**INFORMATION SHOWN**.
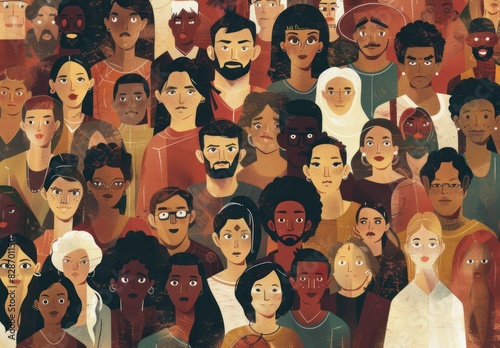 A diverse crowd of people from different ethnicities and ages were depicted in a vector illustration with flat design. photo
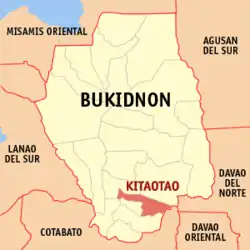 Map of Bukidnon with Kitaotao highlighted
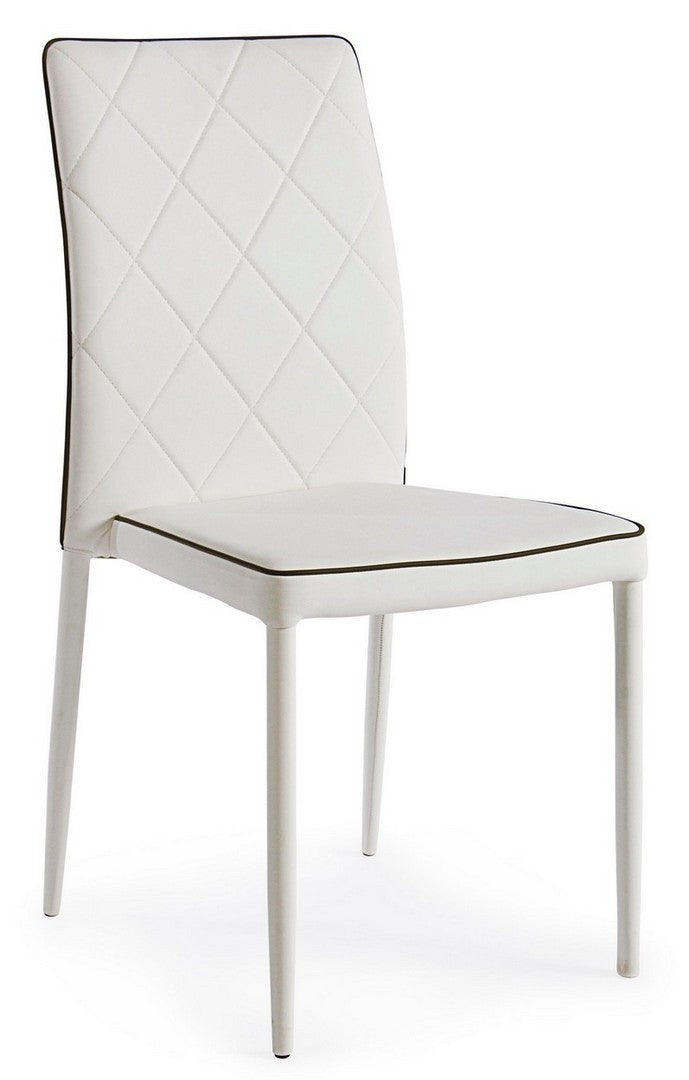Set 4 scaune tapitate cu piele ecologica si picioare metalice Achille Alb, l43,5xA53,5xH92 cm (1)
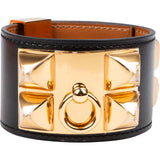 Hermès Leather Gold Tone Collier de Chien Bracelet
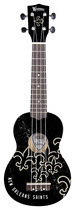 Woodrow - Denny New Orleans Saints 4-string Soprano Ukulele - Gold/black/white
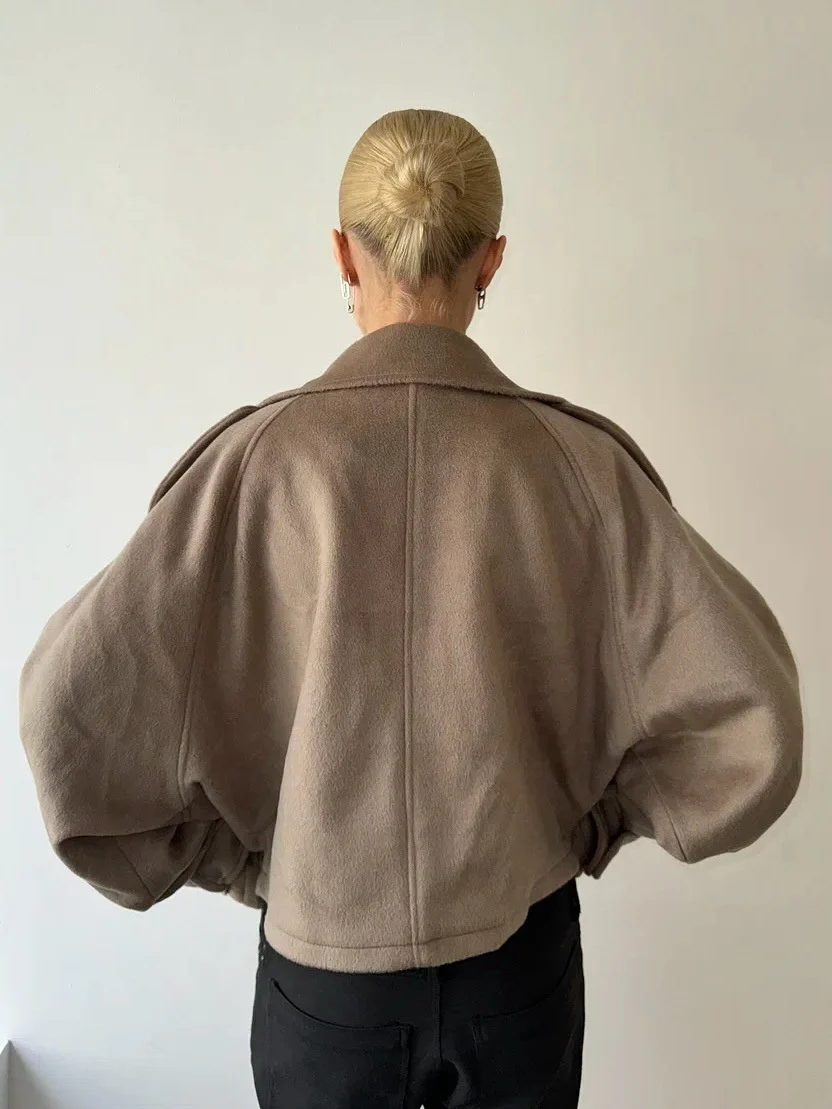 Jacket Women's Oversized Fit with High Collar and Button Detail | L&S - 6 - London-stylehouse.com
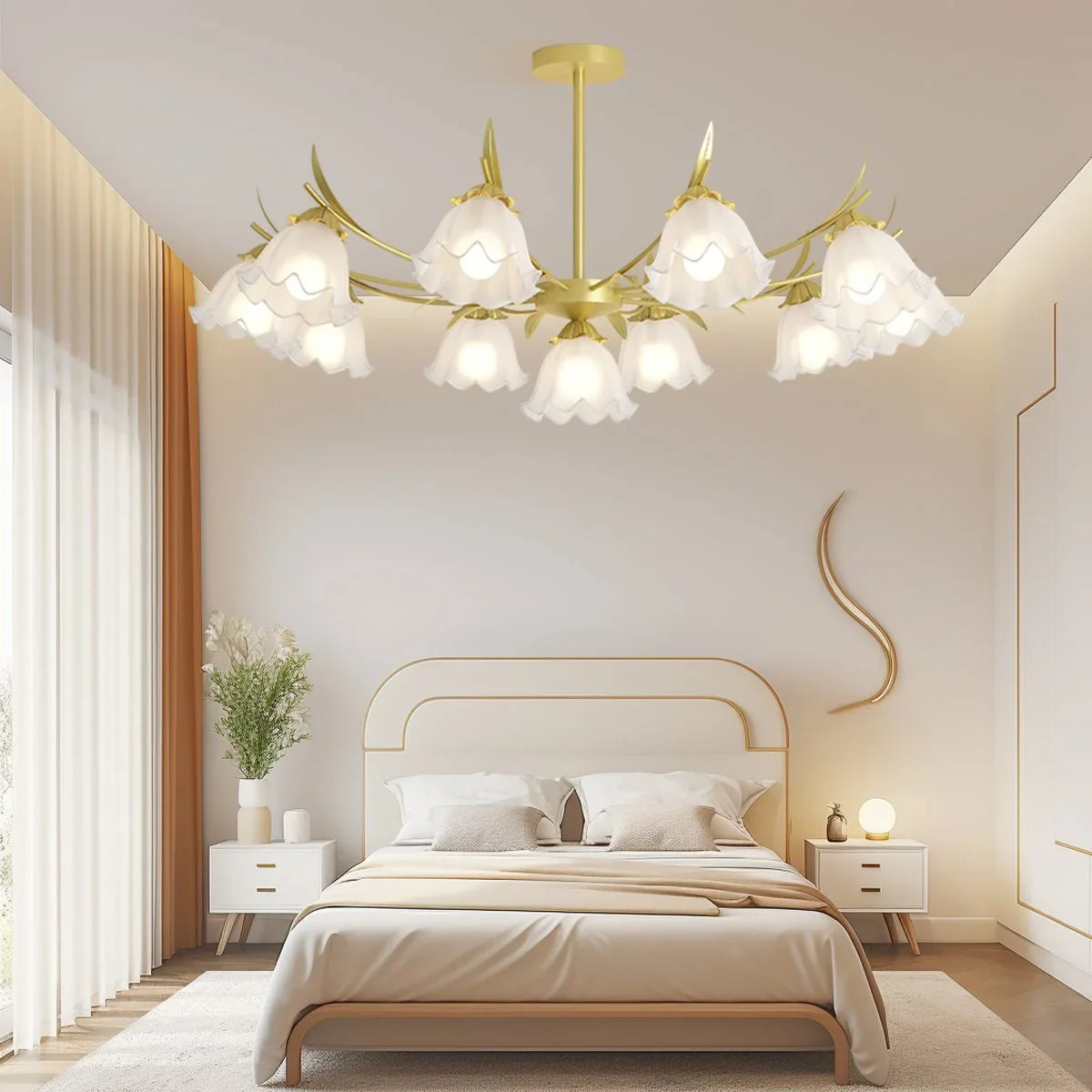 Feyran French Vintage Lily of the Valley Flower Chandelier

**TASK STATEMENT**. Output the entries exactly as they appear, with no pictures included.

**WRITTEN SOLUTION**.
 A diverse crowd of people from different ethnicities and ages were depicted in a vector illustration with flat design. photo
 Map of Bukidnon with Kitaotao highlighted
Set 4 scaune tapitate cu piele ecologica si picioare metalice Achille Alb, l43,5xA53,5xH92 cm (1)
 Hermès Leather Gold Tone Collier de Chien Bracelet
 Woodrow - Denny New Orleans Saints 4-string Soprano Ukulele - Gold/black/white
 Jacket Women's Oversized Fit with High Collar and Button Detail | L&S - 6 - London-stylehouse.com
 Feyran French Vintage Lily of the Valley Flower Chandelier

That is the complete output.